Figure 1. Cx43^ΔOt mice exhibit reduced Cx43 levels and experience a lower strain compared to control mice in response to equal force

(A) Cx43 deficiency was confirmed by Western blot analysis on protein lysates prepared from the diaphysis of non-loaded ulnae of Cx43^ΔOt and Cx43^fl/fl mice. Bars represent mean ± SD, n=3. *: p<0.05 by t-test. (B) Ulnae from Cx43^ΔOt mice exhibit 24% lower microstrain per unit load (ε/N) than ulnae from control mice, as measured using ex-vivo strain gauges applied to the ulna diaphysis. Bars represent mean ± SD. n=3, 6. (C) Geometrical properties of ulnar midshafts from Cx43^fl/fl (control) and Cx43^ΔOt mice assessed by histomorphometry. (D) Dynamic histomorphometric parameters of ulnae mid-diaphysis on the periosteal and endocortical surfaces of non-loaded control and Cx43^ΔOt mice. Bars represent mean ± SD, n=17, 23. *: p<0.05 by unpaired t-test.

Figure 2. Deletion of Cx43 from osteocytes results in enhanced response to loading on the ulnae periosteal surface

(A) Mineralizing surface (MS/BS), mineral apposition rate (MAR) and bone formation rate (BFR/BS) in response to ulnar axial compression at low, medium and high strain. Bars are mean ± SD, *: p<0.05 by paired t-test, n 7-10; #: p<0.05 by two-way ANOVA, n=7-10; (B) Representative images of periosteal bone formation in ulnae of Cx43^fl/fl and Cx43^ΔOt mice, unloaded and loaded at high magnitude, taken at a 400X magnification. Arrows point at the calcein and alizarin labels.

Figure 3. Loading does not affect bone formation on the endocortical ulnae surface

Mineralizing surface (MS/BS), mineral apposition rate (MAR) and bone formation rate (BFR/BS) in response to ulna compression at low, medium and high strain. Bars represent mean ± SD, n=7-10.

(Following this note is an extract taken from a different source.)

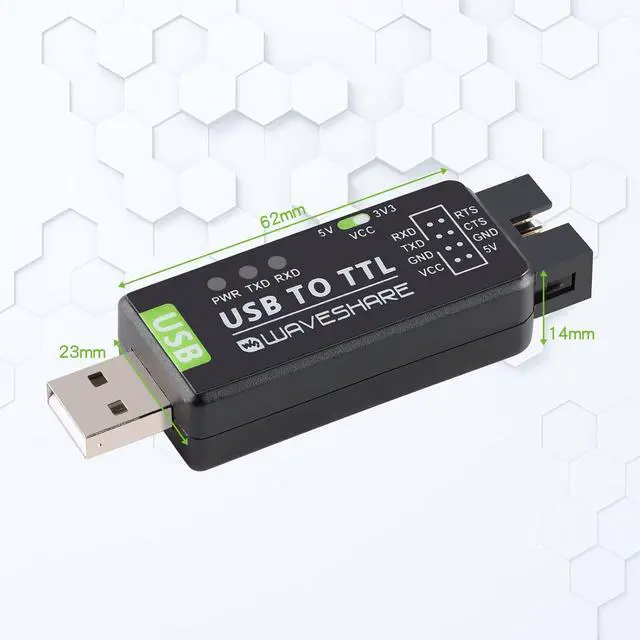 Alt view image 7 of 7 - WRIARICH Industrial USB to Serial Adapter UART Serial Adapter FT232RL Serial to USB Converter USB to TTL Adapter Port Module Support Multi Systems and Multi Protection Circuits with Shell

Figure 4. Absence of Cx43 in osteocytes results in increased accumulation of β-catenin in vivo and in vitro

(A) β-catenin levels were evaluated by Western blotting of protein lysates from cortical bone and normalized to β-actin. Bars represent means ± SD, n=3,4. *: p<0.05 versus Cx43^fl/fl mice by t-test. (B) Cx43, Axin2, and cyclin D1 mRNA levels normalized by GAPDH were evaluated by qPCR and β-catenin protein levels normalized by β-actin were evaluated by Western blotting in MLO-Y4 osteocytic cells expressing (scr shRNA) or not (Cx43 shRNA) Cx43. (B) Lef1-mediated trasncription was measured in cells treated with vehicle or 30 nM LiCl for 24h. Relative luciferase units (RLU) were normalized by Renilla activity. Bars represent means ± SD, n=4-6. *: p<0.05 versus cells treated with scrambled shRNA (scr) by t-test (B) or the corresponding vehicle-treated culture by one-way ANOVA (C).

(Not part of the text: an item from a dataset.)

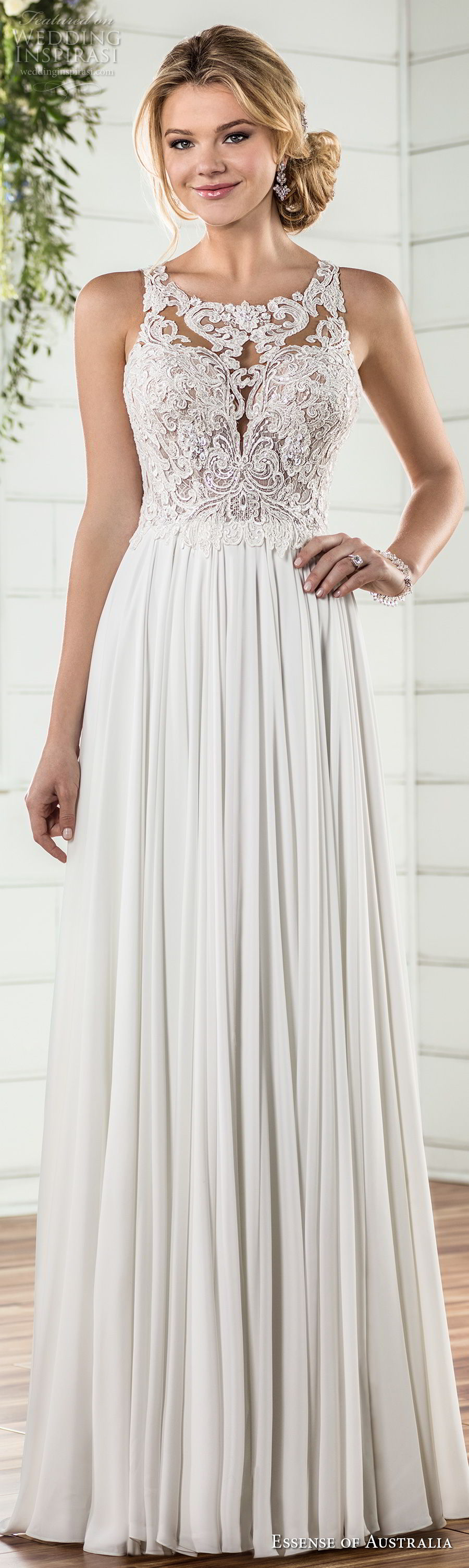 essense australia fall 2017 bridal sleeveless illusion jewel sweetheart neckline heavily embellished bodice romantic soft a line wedding dress rasor back sweep train (71) lv essense australia fall 2017 bridal sleeveless illusion jewel sweetheart neckline heavily embellished bodice romantic soft a line wedding dress rasor back sweep train (71) lv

Figure 5. Absence of Cx43 in osteocytes results in increased Wnt signaling in response to mechanical loading in vitro

Cells were mechanically stimulated by biaxial stretching at 3,400 microstrain for 5 hours. Gene expression was measured by qPCR on RNA isolated from MLO-Y4 cells expressing (scr shRNA) or not (Cx43 shRNA) Cx43 and normalized to GAPDH. Bars represent means ± SD, n=3. * indicates p<0.05 versus the corresponding non-loaded cells by t-test. #: p<0.05 versus non-loaded scr cells by t-test.